An equine work by American slave turned artist Bill Traylor is expected to reach up to $40,000 at auction at Christies in New York in January.
Brown Mule, painted around 1940 on the back of a poster announcing the 1940 Dixie Classic: Tuskegee v. Bama State football game in Alabama, is one of about 1200 pieces by Traylor. It is thought to be taken from memories of his life spent working on the Traylor plantation near Benton, Alabama, on which he was born a slave in 1854.
After emancipation, his family continued to farm on the plantation until the 1930s, and in 1939 at the age of 85 he moved to Montgomery, Alabama, where he slept in the back room of a funeral home and in a shoemaker’s shop.
Rheumatism left him crippled, unemployed and essentially homeless.

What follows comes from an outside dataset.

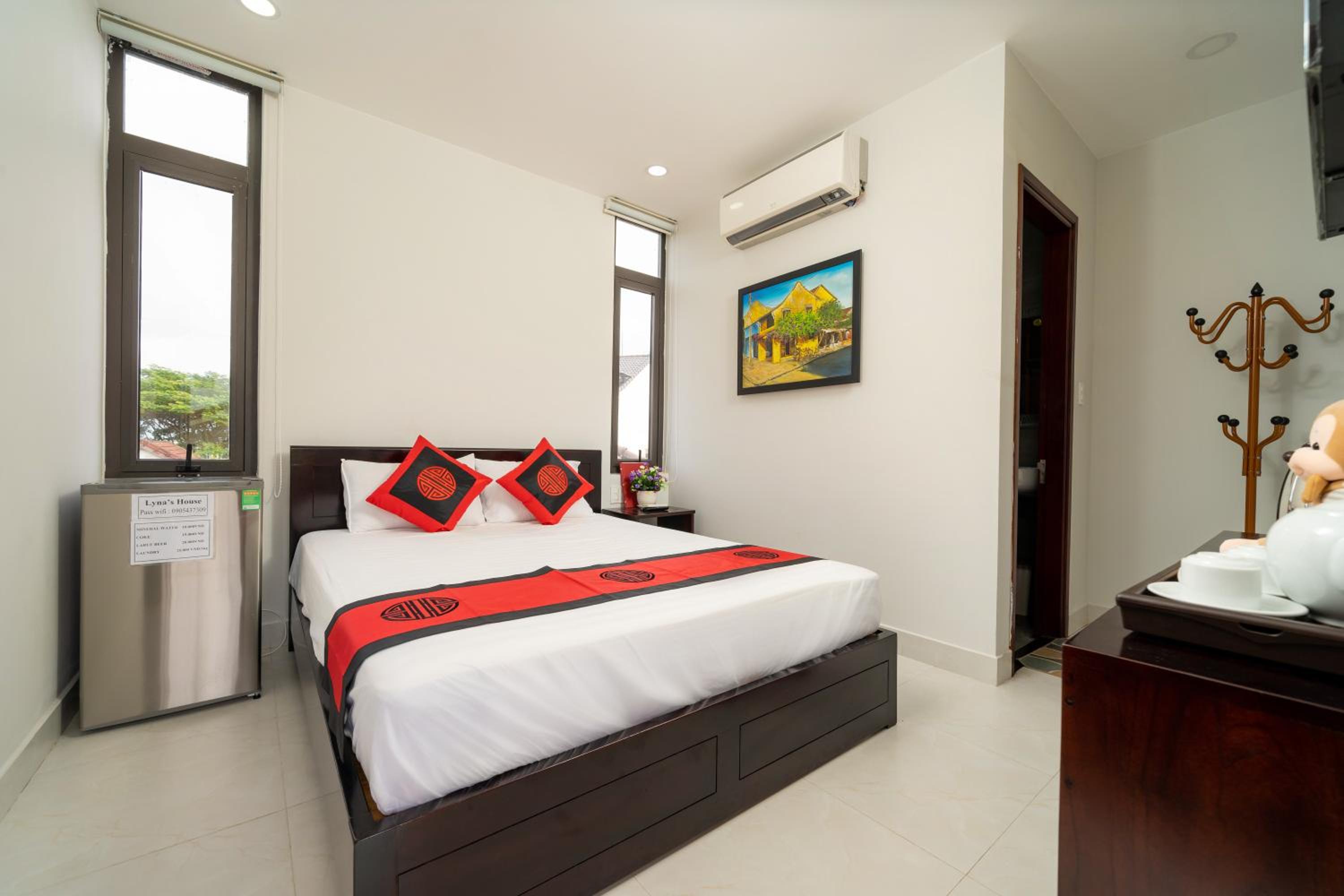 Deluxe Room (1 Adult + 1 Child)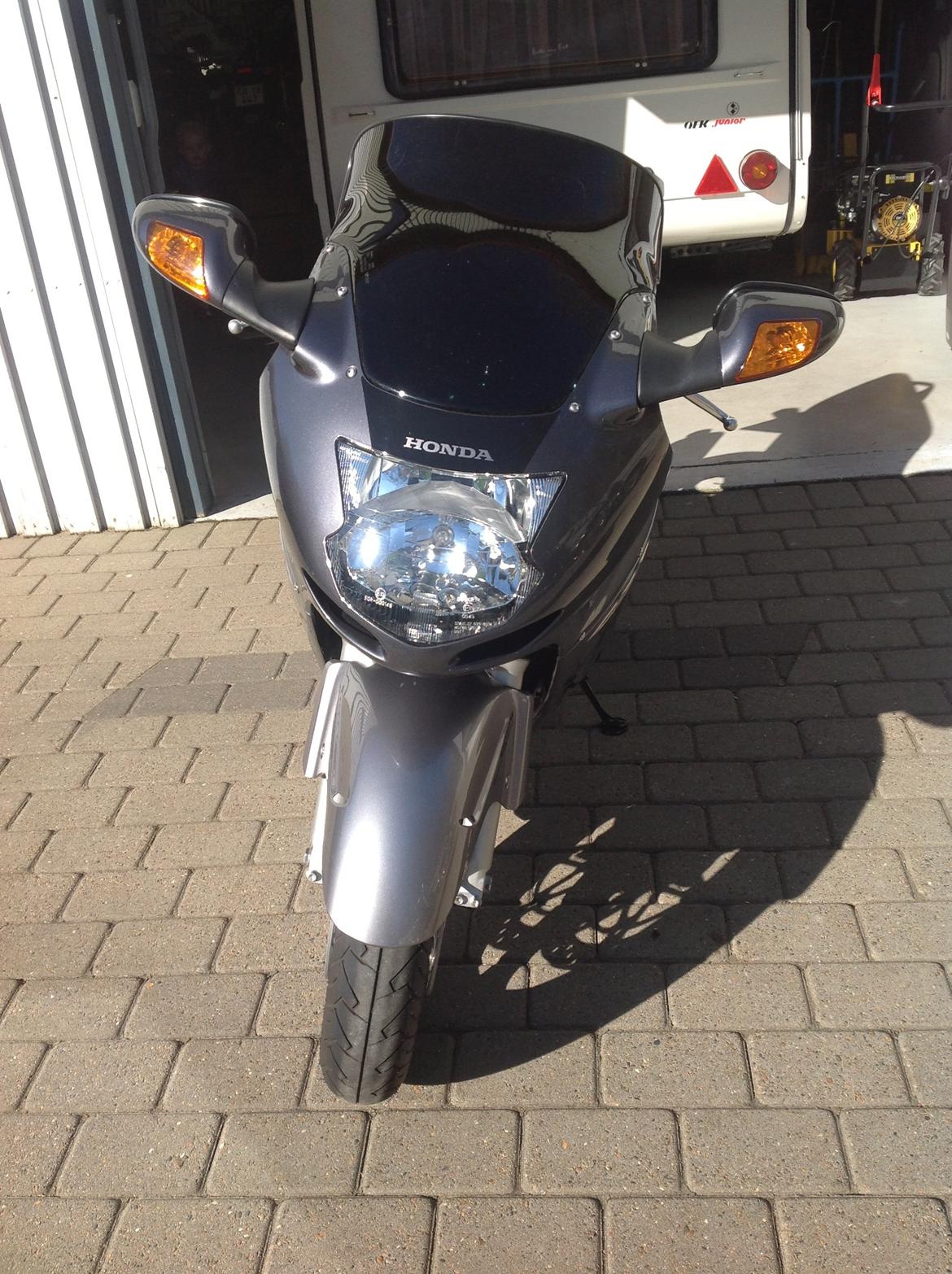 Honda CBR 1100 xx Blackbird billede 1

It was at this time that hefirst began to draw as he spent his days sitting outside a neighborhood pool hall. He was discovered by Charles Shannon, a young artist who brought Traylor materials and purchased the majority of the older artists’ prodigious output, which eventually totaled some 1200 pieces completed between 1939 and 1942.
Traylor is known for his intriguing use of pattern versus flat color, a sophisticated sense of space, and the simplified figures that give his work a startlingly modernist look. Using a stick for a straightedge, he created geometric silhouettes of human and animal figures which he then filled in with pencil, colored pencil, or poster paints. Much speculation surrounds the identification of mysteriously shaped objects, usually referred to as “constructions,” and the complex scenes he called “Exciting Events,” which depict groups of people energetically engaged in often puzzling activities.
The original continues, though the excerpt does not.